* **To do**:
Only the lines from the one containing "Khay gel thạch" through the end of the records should be retyped, exactly and including both ends; pictures stay out.

* **Short text fragments from websites**:
########################################
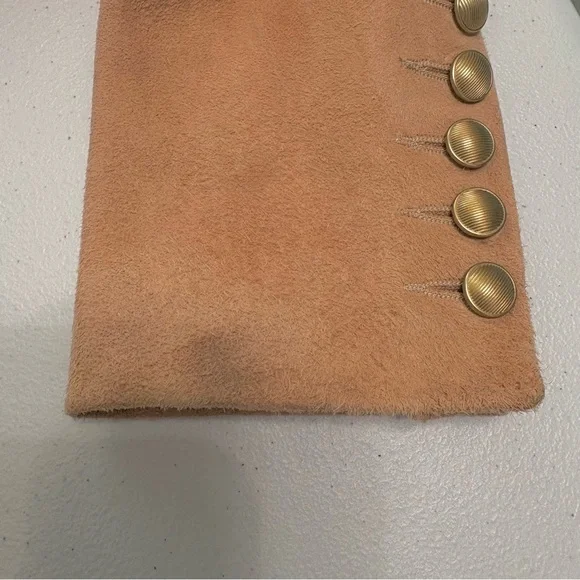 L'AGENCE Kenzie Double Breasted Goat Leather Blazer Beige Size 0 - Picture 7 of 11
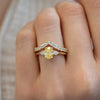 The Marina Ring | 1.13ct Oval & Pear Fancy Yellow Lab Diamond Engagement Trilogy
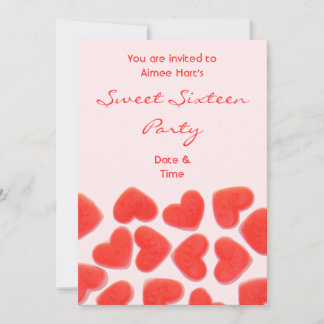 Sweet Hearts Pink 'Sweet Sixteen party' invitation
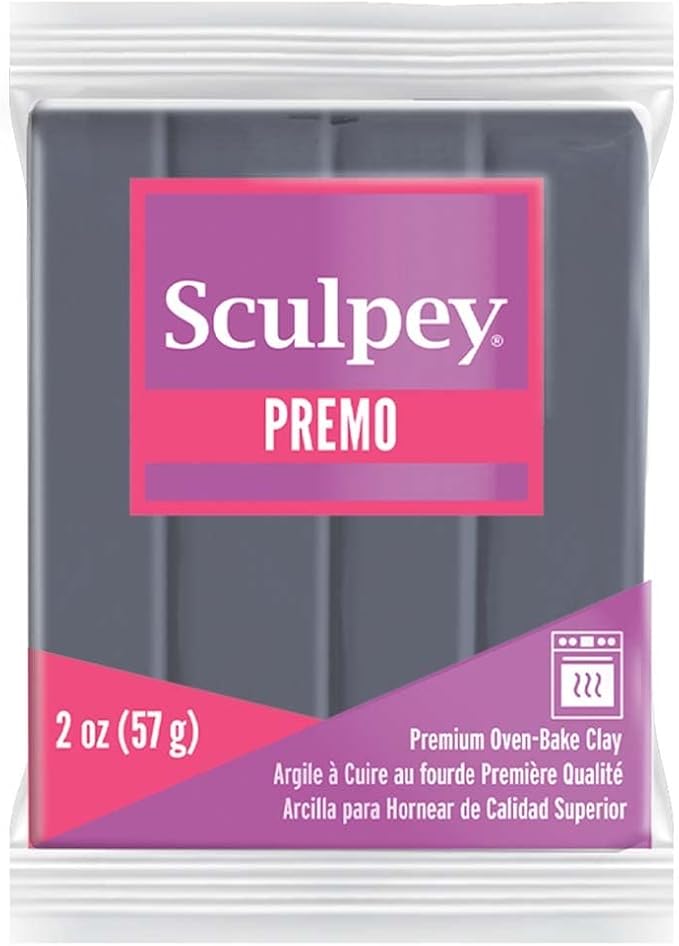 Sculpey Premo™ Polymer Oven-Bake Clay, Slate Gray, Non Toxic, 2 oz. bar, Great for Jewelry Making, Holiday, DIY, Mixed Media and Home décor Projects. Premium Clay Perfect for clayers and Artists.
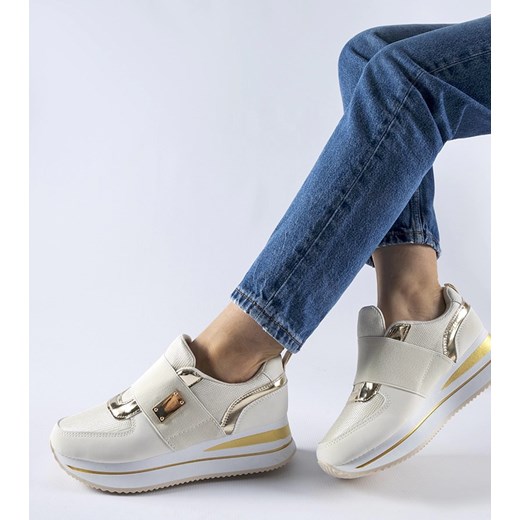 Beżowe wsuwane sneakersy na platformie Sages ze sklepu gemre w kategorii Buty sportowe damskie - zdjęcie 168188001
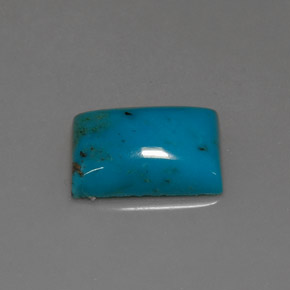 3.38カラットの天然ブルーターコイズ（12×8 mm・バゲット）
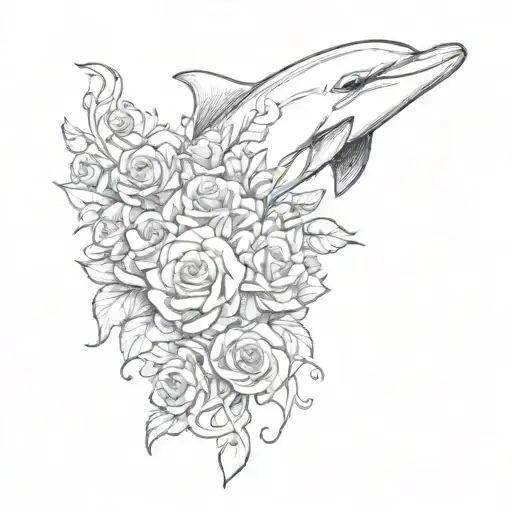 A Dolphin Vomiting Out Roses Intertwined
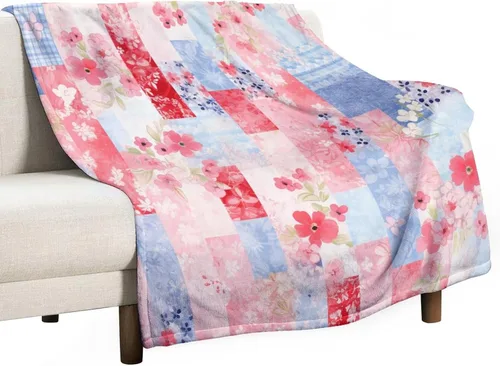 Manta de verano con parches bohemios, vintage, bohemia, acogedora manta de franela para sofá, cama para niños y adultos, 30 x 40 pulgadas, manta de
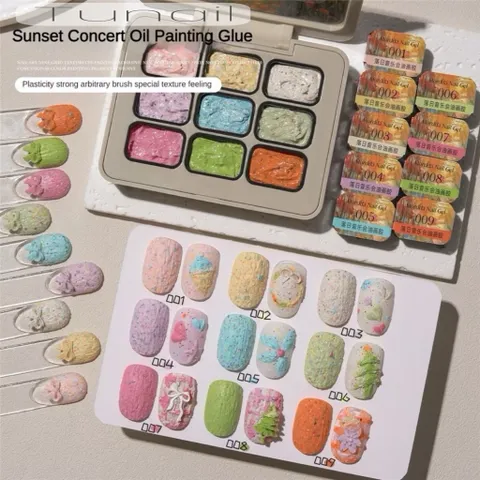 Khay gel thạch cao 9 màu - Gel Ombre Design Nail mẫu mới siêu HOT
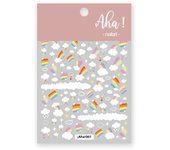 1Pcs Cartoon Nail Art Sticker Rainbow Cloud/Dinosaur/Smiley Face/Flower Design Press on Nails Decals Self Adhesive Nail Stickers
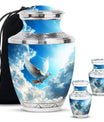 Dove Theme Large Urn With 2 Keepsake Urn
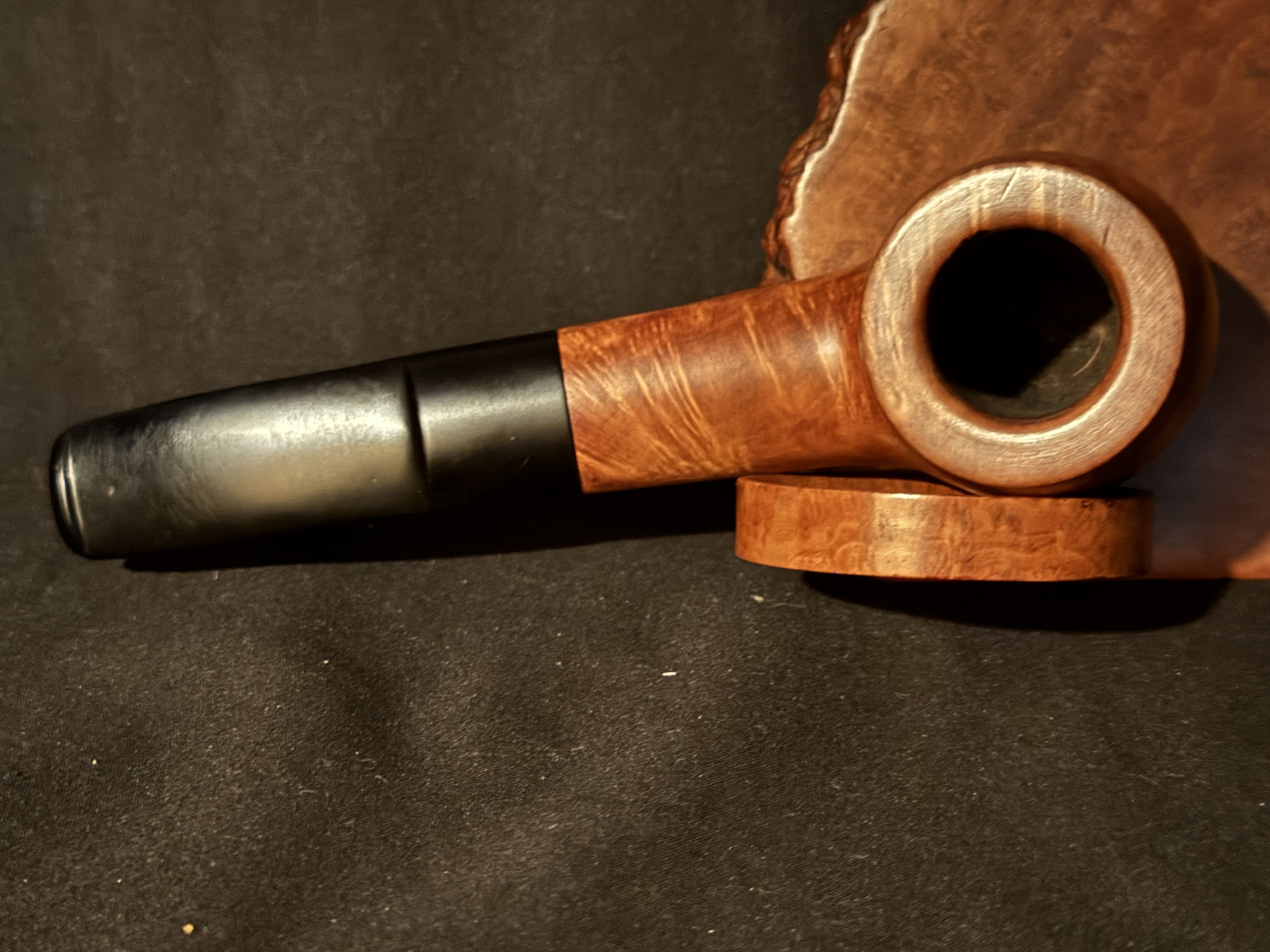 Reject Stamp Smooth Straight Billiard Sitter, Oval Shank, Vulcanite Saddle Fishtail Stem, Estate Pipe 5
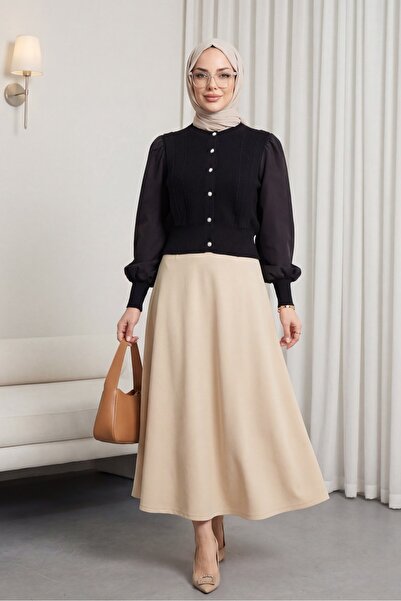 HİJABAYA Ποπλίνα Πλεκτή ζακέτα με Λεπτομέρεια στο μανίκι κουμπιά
########################################
* **Task response**:
 Khay gel thạch cao 9 màu - Gel Ombre Design Nail mẫu mới siêu HOT
 1Pcs Cartoon Nail Art Sticker Rainbow Cloud/Dinosaur/Smiley Face/Flower Design Press on Nails Decals Self Adhesive Nail Stickers
 Dove Theme Large Urn With 2 Keepsake Urn
 Reject Stamp Smooth Straight Billiard Sitter, Oval Shank, Vulcanite Saddle Fishtail Stem, Estate Pipe 5
 HİJABAYA Ποπλίνα Πλεκτή ζακέτα με Λεπτομέρεια στο μανίκι κουμπιά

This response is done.